3.7 Drug Sensitivity Analysis of IL20RB in pRCC. By using the GDSC database, we performed drug sensitivity analysis of pRCC patients in TCGA. As shown in Figure 9, individuals with high IL20RB expression were sensitized to common targeted drugs including axitinib, pazotinib, sunitinib, tivozanib, and the chemotherapeutic drug cisplatin. Notably, tivozanib had the lowest half-maximal inhibitory concentration (Fig.5e), suggesting its potential as a highly effective therapeutic option for pRCC patients with elevated IL20RB expression.
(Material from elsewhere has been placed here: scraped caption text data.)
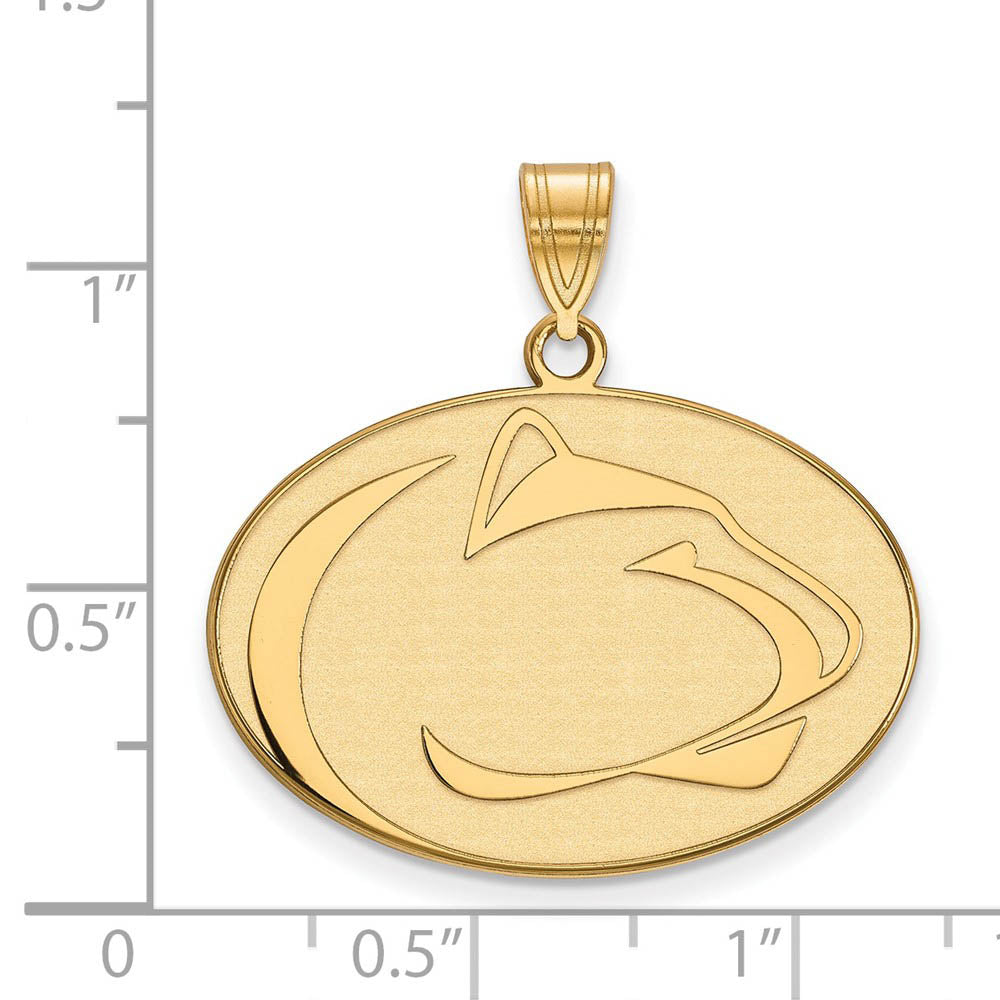 Alternate view of the 14k Gold Plated Silver Penn State Large Pendant by The Black Bow Jewelry Co.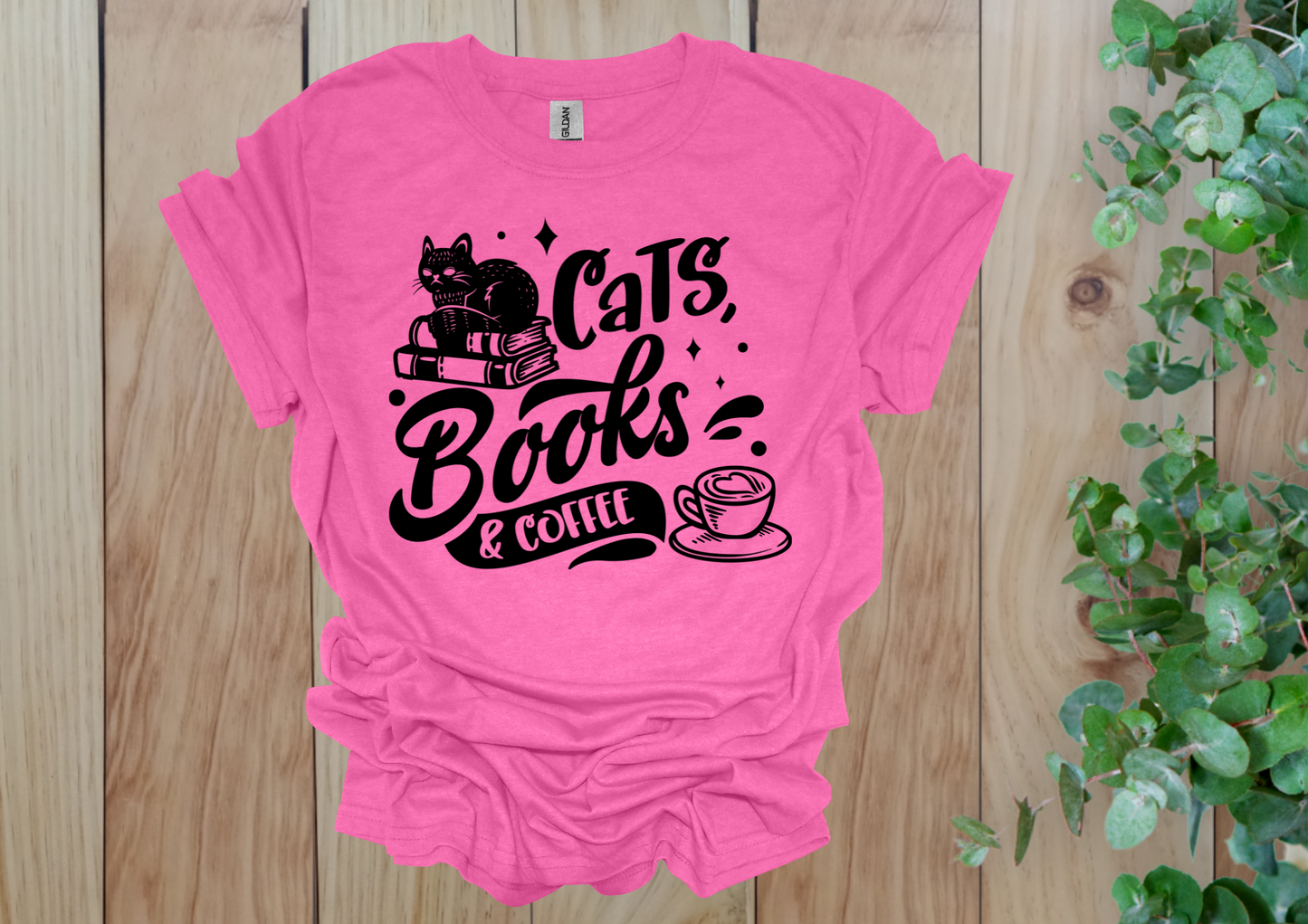 Cats, Books & Coffee Tee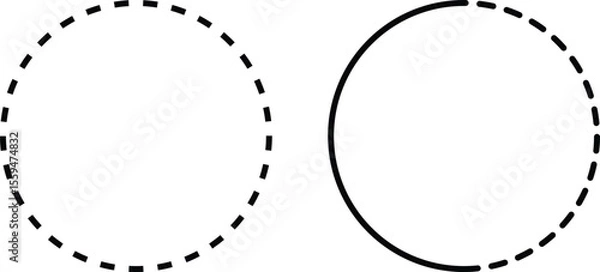Fototapeta Dashed line circle shapes for design elements.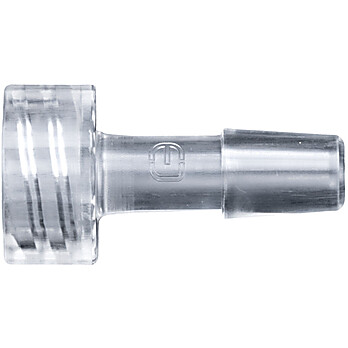 Cole-Parmer® Cleanroom Large-Bore Male Luer to Hose Barb Fittings, Straight Adapter, CrystalVu™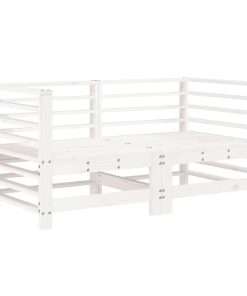 Divani Angolari Da Giardino 2 Pz Bianchi Legno Massello Di Pino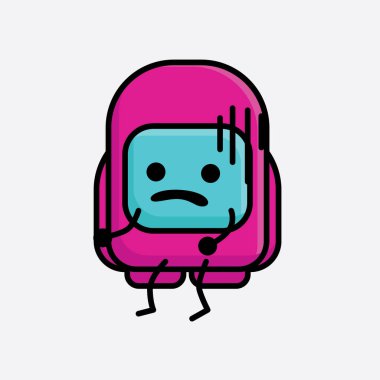 Şirin Pembe Astronot Vektör Karakterinin Çizimi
Although there are no prospective studies evaluating the efficacy of tivozanib in pRCC, a phase III clinical trial by Rini, Brian I et al. also found that tivozanib as third-line or fourth-line therapy improved progression-free survival and was better tolerated compared with sorafenib in patients with metastatic renal cell carcinoma[35], which may provide some inspiration for future clinical trials of tivozanib in pRCC. Conversely, our analysis revealed that pRCC patients with high expression of IL20RB display low sensitivity to erlotinib (Fig.9b), indicating that erlotinib may have limited therapeutic effect in this subgroup of pRCC patients in clinical practice.